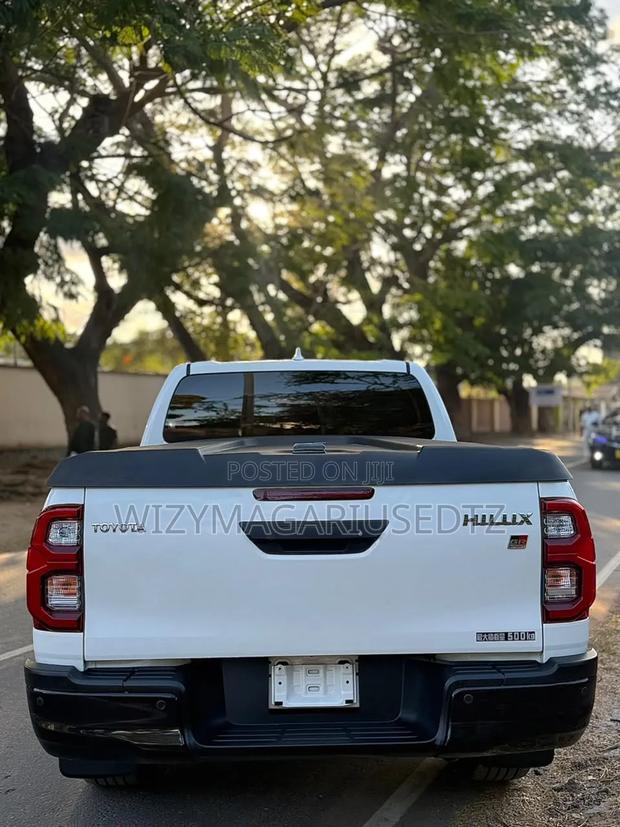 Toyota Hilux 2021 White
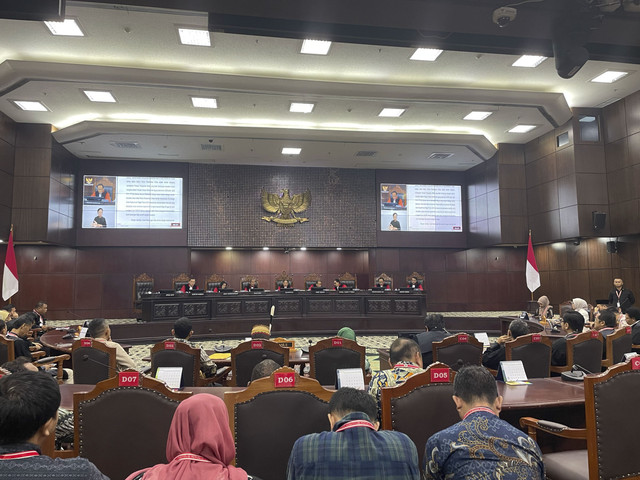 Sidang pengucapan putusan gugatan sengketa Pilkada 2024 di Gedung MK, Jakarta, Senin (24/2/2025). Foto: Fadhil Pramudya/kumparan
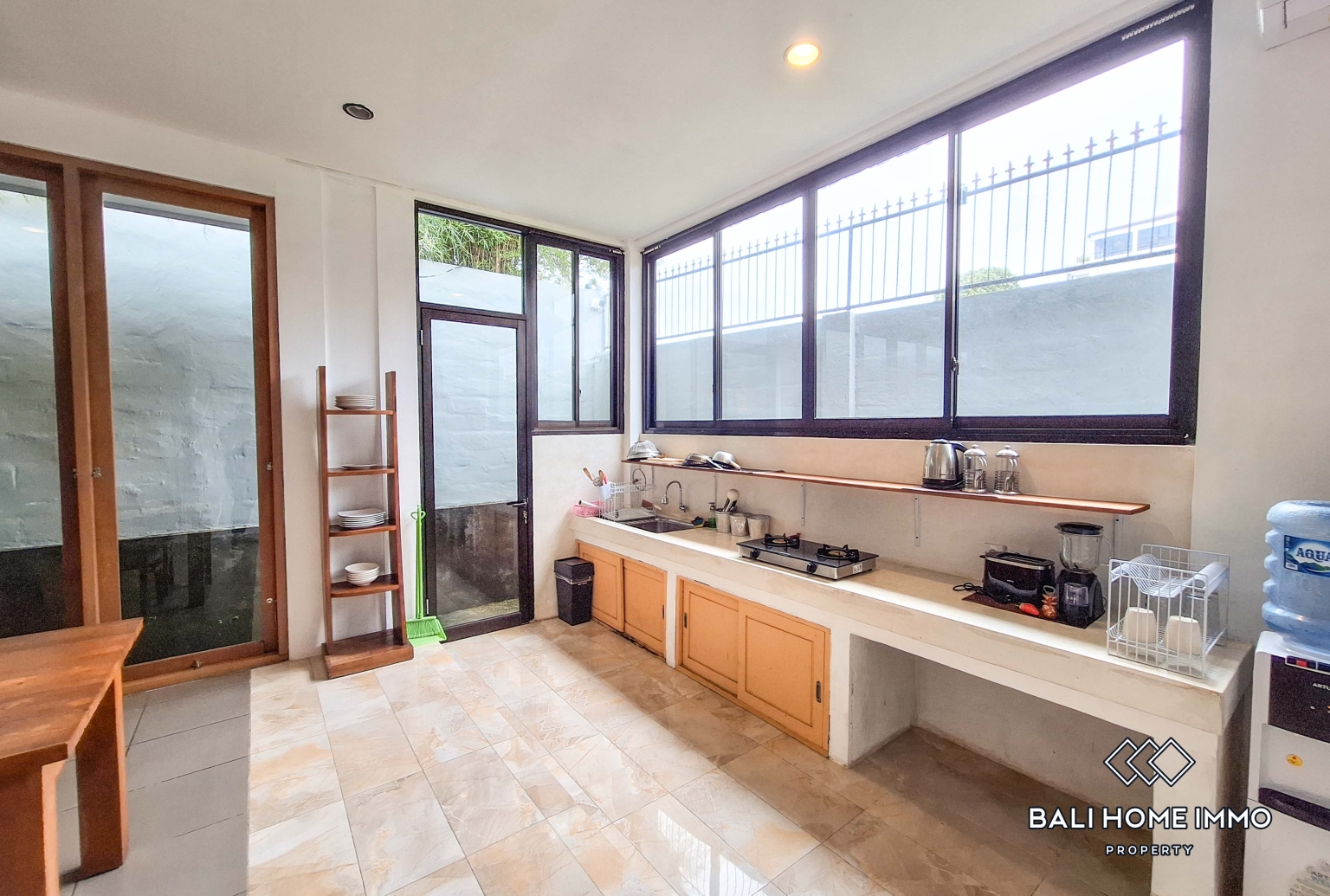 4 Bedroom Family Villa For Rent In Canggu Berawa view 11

● ● ● ● ● ● ●

TASK ITEM ▸
The lines wanted run from the one with "Sidang pengucapan putusan" through the final line of the data; repeat them word for word and skip every picture.

ANSWER SECTION ▸
 Sidang pengucapan putusan gugatan sengketa Pilkada 2024 di Gedung MK, Jakarta, Senin (24/2/2025). Foto: Fadhil Pramudya/kumparan
 4 Bedroom Family Villa For Rent In Canggu Berawa view 11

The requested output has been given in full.